Weston La Barre: “All the dissociative ‘altered states of consciousness’ — hallucination, trance, possession, vision, sensory deprivation, and especially the REM-state dream — apart from their cultural contexts and symbolic content, are essentially the same psychic states found everywhere among mankind; . . . shamanism or direct contact with the supernatural in these states . . . is the de facto source of all revelation, and ultimately of all religions.”

(All cited from The Mind in the Cave, p.135)

The spectrum of consciousness

The normal trajectory from Alert to Autistic states of consciousness, although like the light spectrum there is no clear dividing moment between any of the stages:

  1. Waking, problem-oriented thought
  2. Daydreaming
  3. Hypnagogic states
  4. Dreaming
  5. Unconsciousness

But there’s another far more intensified spectrum that leads to hallucinations. This one can be induced by sensory deprivation that leads to the compensatory release of internal imagery, certain psychopathological states and drugs.

  • meditation techniques shutting out of the environment
  • audio-diving with prolonged drumming
  • sustained rhythmic dancing
  • fatigue
  • pain
  • fasting
  • psychotropic substances
  • schizophrenia
  • temporal lobe epilepsy

The intensified trajectory that results:

1. Waking, problem-oriented thought
2. Daydreaming
3. Entoptic phenomena (see entoptic images here and also a pdf view of normal and pathological images)
4. Construal (brain attempts to decode these entoptic images by fitting them into its store of recognized images (e.g. a circle becomes an orange to one who is hungry, a breast to one sexually aroused, cup of water to one thirsty, or a bomb to one who is fearful)

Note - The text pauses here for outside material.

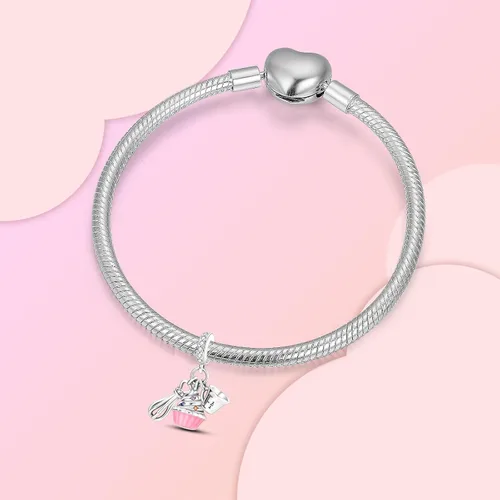 Miniatura 195 de Abalorios de plata de ley 925 con letras de la A ~ Z, para pulseras, collares, Día de San Valentín, Día de la Madre, joyería regalos para mujeres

between #4 and #5 there may be the experience of a swirling vortex or rotating tunnel drawing the person down into it; its walls are marked by a lattice of squares like tv screens displaying spontaneous hallucinatory images; sometimes a bright light in the centre creates this tunnel effect, with images moving into and/or away from the centre

5. Hallucinations (in any of the 5 senses) — i.e. “altered states of consciousness”

The imagery of the tunnel (between #4 and #5) is also a western construct. It can be similarly called a funnel, an alley, a cone, a corridor, a pit. In other cultures it is often seen as a hole in the ground; or as a falling through a tube; gliding down through the sea; following roots of a tree down into the ground . . .

The imagery the hallucinations #5 are largely derived from memory and hence vary across cultures. An Inuit will see talking seals or bears; Hildegard of Bingen saw angels and strange creatures from scriptures, medieval wall paintings and illuminations. They are vivid. Not described as being “like” something, but as the real things themselves. Sometimes entoptic phenomena remain as part of the image, as geometric patterns behind or framing the images, or blending with them (e.g. a man with zig-zag legs). The hallucinator blends with the geometric and iconic imagery, sensing him or herself changing into an animal and other transformations.

The spectrum of consciousness is ‘wired’, but its content is mostly cultural. (p.126)

Shamanism

Characteristics of hunter-gatherer shamanism:

  • it deploys a range of institutionalized altered states of consciousness
  • the visual, aural and somatic experiences of those altered states lead to perception of a tiered alternative reality (spirit realms above and below)
  • the shamans are believed to have the powers to access this alternative reality
  • the human nervous system in certain altered states creates the illusion of dissociation from one’s body (sometimes understood as posses­sion by spirits)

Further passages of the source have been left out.